But the biggest change this year may have been Woodland’s health. Dogged by ailments large and small since joining the Tour in 2009, Woodland was nearly sidelined this spring with a left-wrist injury.
The result was a dramatic grip change to help alleviate some of the pressure on his ailing wrist and a return to a more familiar left-to-right shot shape. Or, as Harmon figures, “almost a pull fade.”
“Gary loves to fade the golf ball and my dad wanted him to get to where he can draw and I think Gary is such a hard worker he wanted to get to where he could draw it under pressure,” Harmon said. “When you are playing under pressure you have to have something you can play aggressive with.”
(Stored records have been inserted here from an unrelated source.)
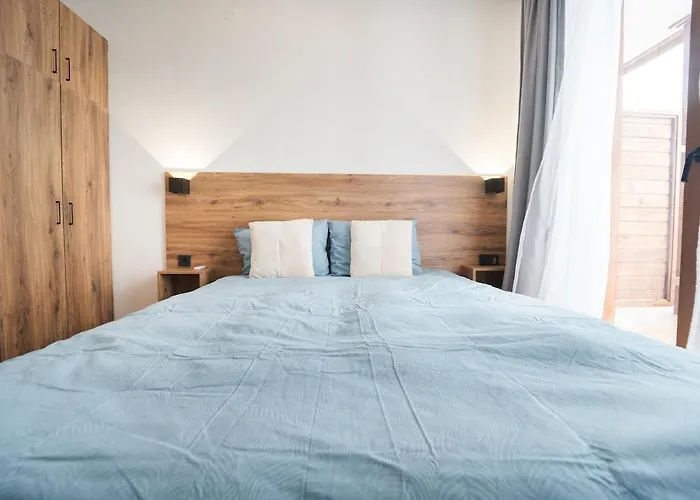 Host2u Highland Hideaway *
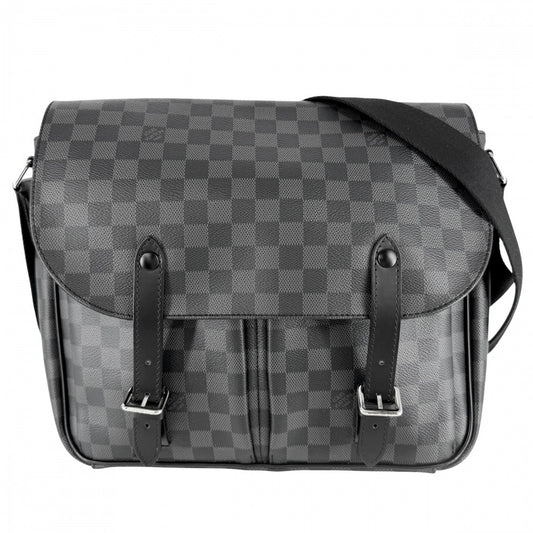 LOUIS VUITTON ルイヴィトン メッセンジャーバッグ クリストファー メッセンジャー ショルダーバッグ N41500 ダミエグラフィットキャンバス ブラック 黒 シルバー金具 メンズ【中古品】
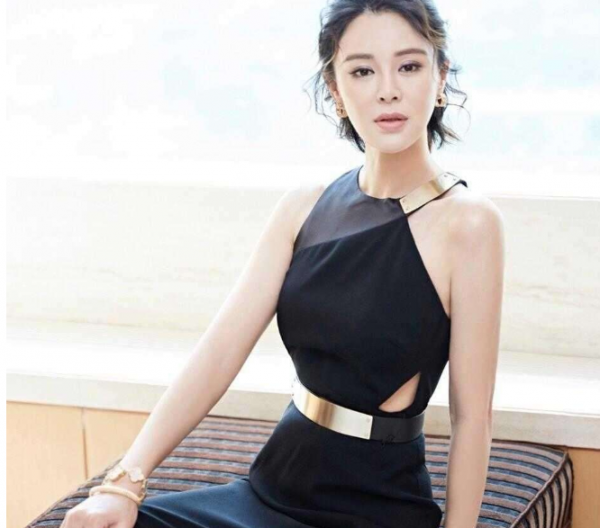 關悅：曾被佟大為分手，以淚洗面，複合後恩愛至今生三子幸福美滿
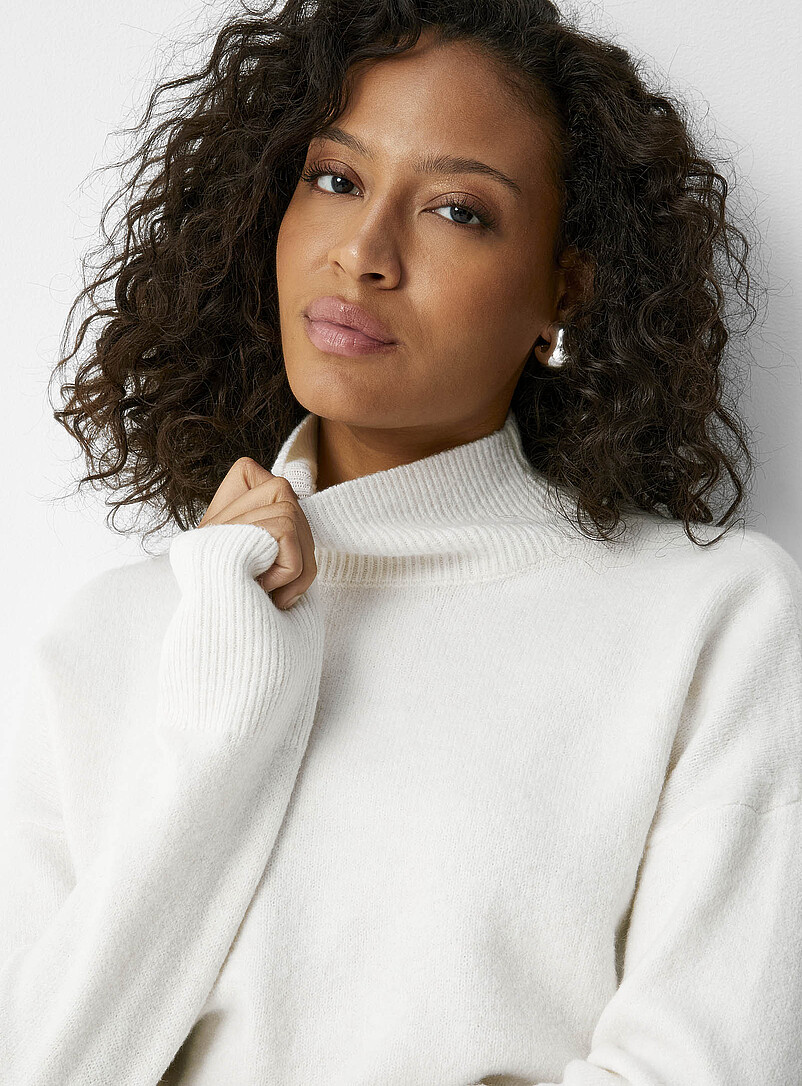 Contemporaine Light Grey Loose mock-neck sweater for women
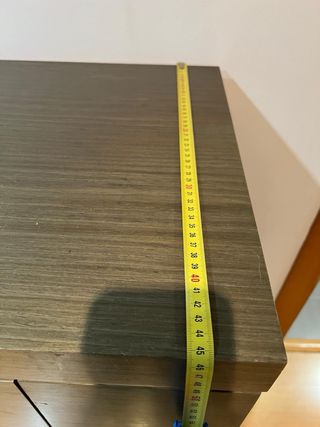 Mueble de madera maciza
The combined inspiration of playing an opposite-field event and Reno’s modified Stableford scoring format proved to be the perfect tonic to wrest Woodland out of his slump. He won the event by nine points.
“I'm healthy. That's a big key,” Woodland said. “I put a lot of hard work in. It's been a process with the changes I've made, switching to Butch and his son, and it's finally starting to come together, which is nice. I put a lot of work in on the short game, a lot of work on the middle game, and we're starting to put it together now.”
The CIMB was Woodland’s last official start of 2013 and there is a measure of maturity in how the 29-year-old plans to spend his offseason. In addition to his normal gym/practice tee regimens, Woodland has started working with Pat Goss on his short game and sports psychologist Julie Elion. One of the game’s most powerful has turned to precision and the power of the mind in his quest to regain his world-beater status.
During a recent team meeting with Woodland, Harmon said his goals for 2014 were telling – improving his wedge game and earning a spot on next year’s U.S. Ryder Cup team.
“This is the player you are hopefully going to see for the next three, five, seven years,” Harmon said.
Not many players have successfully reinvented themselves, but in Woodland’s case he’s done so from the wrist up.